Heute sitzt Bosnic im Gefängnis. Grund: Er hat öffentlich zu terroristischen Aktivitäten aufgerufen und Kämpfer für den Islamischen Staat (IS) in Syrien und im Irak rekrutiert.
Ebenfalls in der Walliseller Moschee nahm der Kosovare Idriz Bilibani alias Abu Usama an Seminaren teil. In Vorträgen hetzte er gegen die «Feinde Allahs» und riet seinen Anhängern in der Schweiz, nur noch mit gläubigen Muslimen zu verkehren.
Die Auftritte der beiden Islamisten sind keine Einzelfälle. Auch viele albanische Moscheen sind eng mit Salafisten vom Balkan verknüpft. In den letzten Jahren traten mehrere Dutzend radikale Prediger in der Schweiz auf – besonders häufig in Zürich-Altstetten, Regensdorf ZH und Aarburg AG.
«Bei uns nicht willkommen»
Die Besuche wurden meist von Mitgliedern der Union Albanischer Imame eingefädelt. Deren Präsident Nehat Ismaili jedoch bestreitet die Nähe zu Radikalen. Er sagt: «Personen, die des Extremismus verdächtigt werden, sind bei uns nicht willkommen.»

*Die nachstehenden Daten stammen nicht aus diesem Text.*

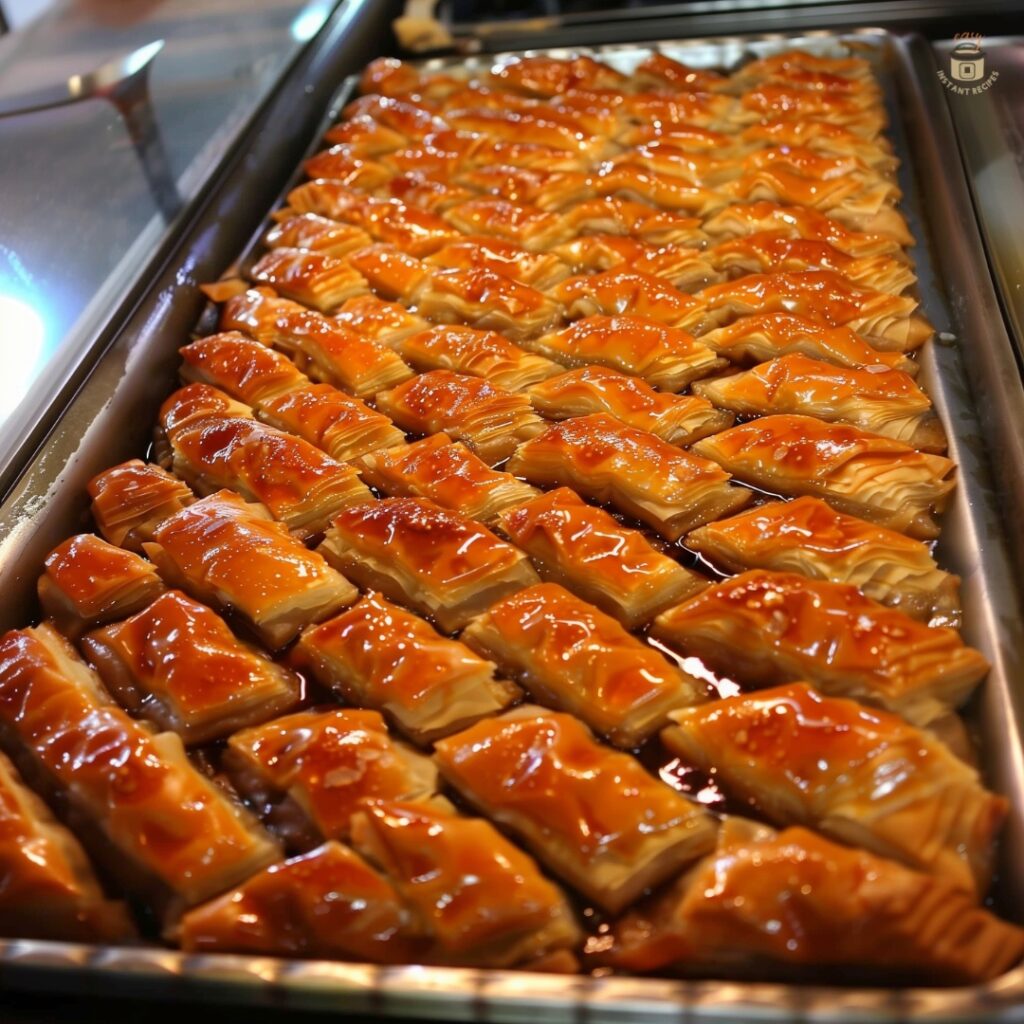 Best holiday dessert recipes: traditional Christmas baklava with crispy phyllo layers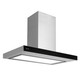 Caple PLASZC922 - Black Glass Chimney Hood - 90cm Plasma Zodiac - B Energy
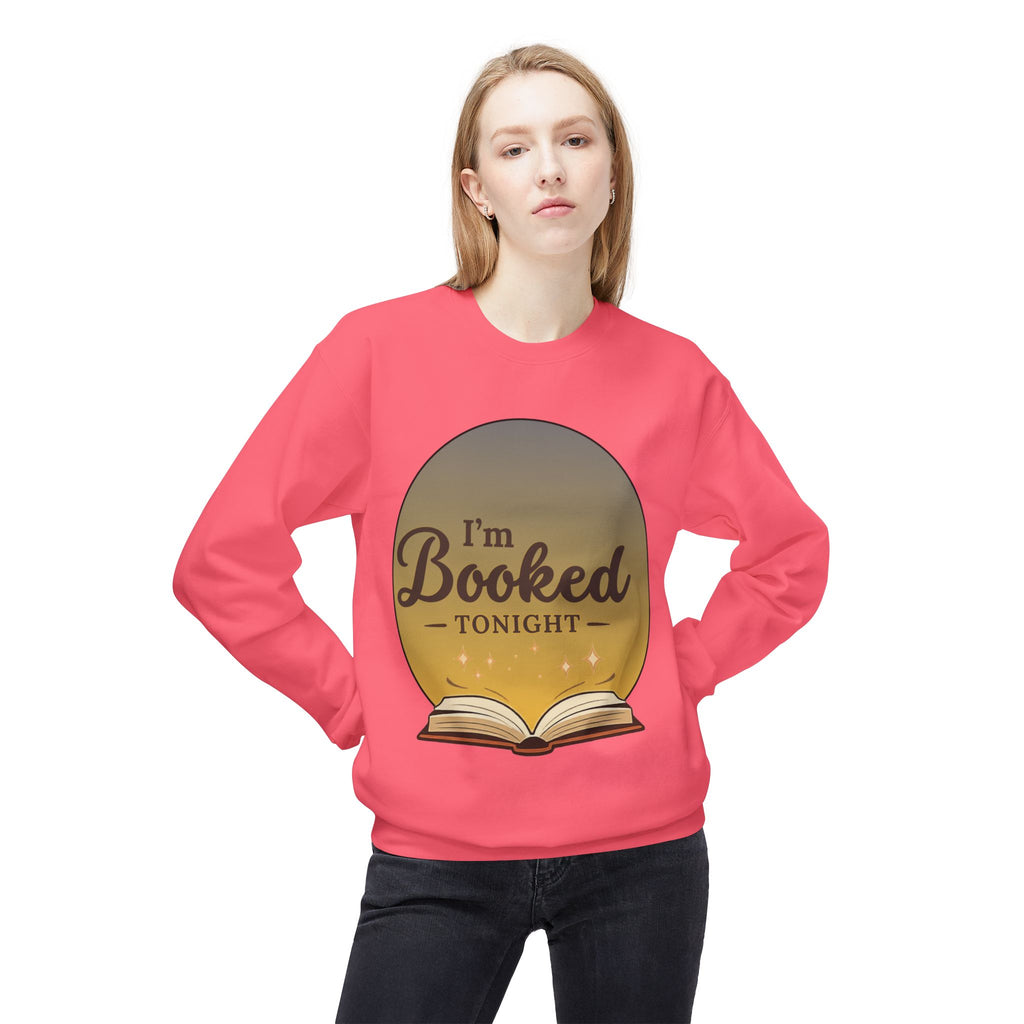 Sweatshirt — I'm Booked Tonight Cozy Reading Crewneck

Entgegen allen Beteuerungen hat Ismaili wiederholt in Saudi-Arabien ausgebildete Salafisten in die Schweiz eingeladen, zuletzt den Kosovaren Shefqet Krasniqi. Wegen seiner Radikalität war er als Imam der Grossen Moschee von Pristina entlassen worden. Im September 2014 wurde er im Kosovo verhaftet. Die Justiz warf ihm Gefährdung der Verfassungsordnung, Aufruhr und religiöse Hasspredigten vor.
Für die Islamkritikerin Saïda Keller-Messahli (60) ist klar: «Die Schweiz ist eine Drehscheibe radikaler Imame.» Am 5. September erscheint ihr neues Buch über islamistische Netzwerke. Darin beschreibt sie, wie Wanderprediger aus ganz Europa ins Land kommen, um Hass zu schüren. Sie warnt: «Die riesige Mehrheit der moderaten Muslime hat viel zu verlieren.» Das Vertrauen der Schweizer Bevölkerung in sie werde durch die Islamisten völlig zerstört.

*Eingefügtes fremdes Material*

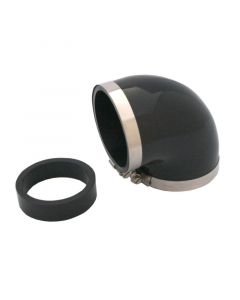 Spectre Coupler Elbow Reducer 3in. / 90 Degree w/2.5in. Insert (PVC) - Black buy in USA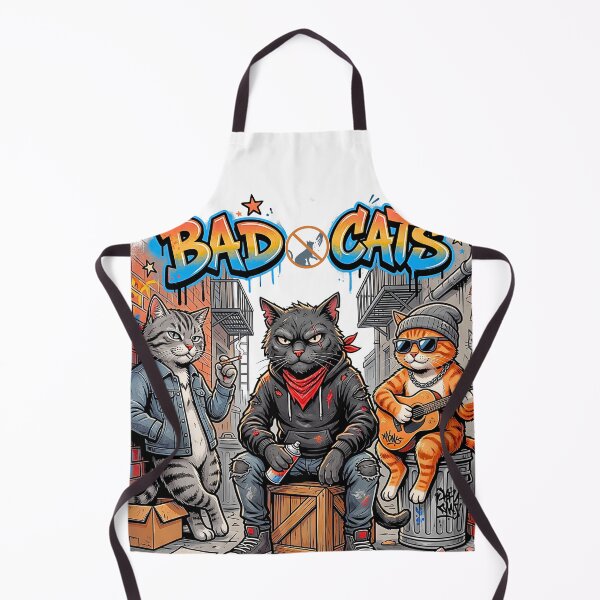 Item preview, Bad Cats Urban Graffiti Hip Hop Alley Gang designed and sold by rich-moda.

Keller-Messahli: «Sie mobilisieren feindselige Gefühle»
Keller-Messahli geht noch weiter. Sie ist überzeugt, dass die ausländischen Prediger und ihre Gastgeber den Boden für Gewalt legen. «Auch wenn diese nicht direkt zu Gewalt aufrufen, mobilisieren sie bei ihren Zuhörern Gefühle der Feindseligkeit, was letztendlich in dschihadistischen Aktionen enden kann.»
Die Behörden, so die Islamkritikerin, sollten endlich begreifen, dass Terror und Islam zusammenhängen. «Wir dürfen uns nicht davor drücken, hart durchzugreifen», sagt sie.
Hart durchzugreifen, haben die spanischen Behörden versäumt. Es Satty, der Terror-Imam von Barcelona, war der dortigen Polizei längst bekannt. Nach einer Gefängnisstrafe wegen Drogenhandels hätte er 2015 nach Marokko ausgewiesen werden sollen.
Dann stoppte ein Richter die Abschiebung. Er befand, dass der Imam keine «ausreichend schwere Gefahr für die öffentliche Ordnung» darstelle. Ein tödlicher Fehler.